I think the generalizations about men were incredibly unfair, totally agree with you there Evan. Feminism is supposed to empower women, not demoralize men.
Evan: “I have to say, your generalizations about men are pretty offensive. We just pretend to like someone so that we can get them into bed, trading feigned affection for unenthusiastic sex? Any apparent understanding of gender dynamics and sociology is just facade put up to get someone into bed? The existence of a woman immediately willing to have sex will preclude the pursuit of one who is not?”
Athlone McGinnis: I find this line of argument common among the sex-positive opposition here, and I think it is inherently flawed. It seems to be based on a purely emotional repulsion to the claims made, rather than anything substantive.
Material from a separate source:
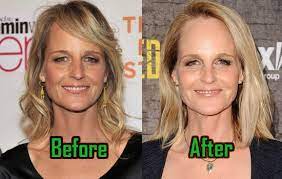 Hunt hasn't admitted to booking any plastic surgery, but viewers of her miniseries world on fire were convinced she had, and that her new look . Helen Hunt Plastic Surgery Facelift Fillers Before And After Photos Lights Fashion Beauty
At the end of the day, it doesn’t really matter that you find this behavior “offensive” or not. Making that claim does absolutely nothing to undermine the validity of the argument.
The FACT is that in the majority of environments frequented by 18-28 year old young people, those “offensive” trends are real. Men feign affection to get laid all the time. This is the NORM. Maybe you find this offensive, but it is what MOST young men do. They’ll pretend to care about things they don’t care about, pretend to share the same interests, pretend to actually be in love with the girl want a commitment (or just be intentionally vague about it) all in order to get a girl to bed.
The amount of effort most young men put in to get a girl depends purely on availability of easy sex. College is a great example of this. I go to a small ivy where there are more men than women and the number of “Girls Gone Wild” type personalities is extremely small as compared to the average college campus. Guys here put a lot of effort in to get girls because they know that their chances of getting one night stands and quick easy sex are very low. Girls here don’t go for that, so they adjust their game accordingly. Guys here will wait weeks just to get to 3rd base with one girl because they don’t have a choice.
Compare this to an average state school, where the average ratio(60/40, the 60 being women) greatly favors men and wilder more typical “college” behavior is more common, and you’ll find very different behavior. Frat guys at my school, even senior athletes at the most popular ones, never have girls throwing themselves at them. They’ll take the time to wait for a girl here because they have to. Guys of similar status at most other schools(I have personally witnessed this) don’t do this because at any given time, there is a cute girl willing to put out with minimal effort. Girls who fail to put out easily in this environment are at a distinct disadvantage.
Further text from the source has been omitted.